Land-use change and forestry

Primary activity(ies)

Agroforestry, plantation establishment, silviculture (forest management), fire management, reduced impact logging, increased wood-use efficiency

Project Location

Country

Mexico

Exact location (community, municipio, state)

The following communities and municipios in Oaxaca State: San Mateo Capulalpam in Capulalpam de Mendez; Santiago Xiacui and La Trinidad in Santiago Xiacui; Santiago Comaltepec in Santiago Comaltepec; Nuevo Zooquiapam in Nuevo Zooquiapam; and San Miguel Aloapam in San Miguel Aloapam.

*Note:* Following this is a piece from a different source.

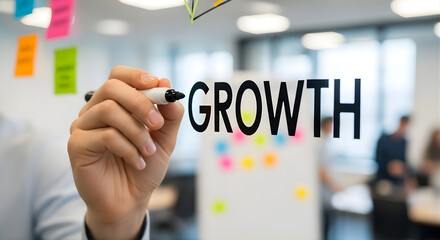 Professional hand writing the word GROWTH on a transparent glass board in office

Key Dates and Current Stage of Project

Project starting date (month/year)

This information is not yet available.

Project ending date (month/year)

This information is not yet available.

Project lifetime (years)

30 years

Current stage of project

Mutually agreed

General Project Description and Technical Data

The Uniones UZACHI and IXIETO are community organizations formed to share the costs of managing forests and other natural resources. These uniones are recognized under Mexican law, and since 1982 the communities have had the full right to profit from the natural resources in their territory. Community forest activities include participatory control of community areas, including designating permanent forest areas and areas for agriculture and cattle raising. Forest management by UZACHI has already received certification by Smartwood. However, rising population will increase demand pressures on this land. Without additional financing and support, the uniones and the communities that they represent will be unable to continue sustainable, community-based land management over the next few decades. This project seeks to obtain this necessary support.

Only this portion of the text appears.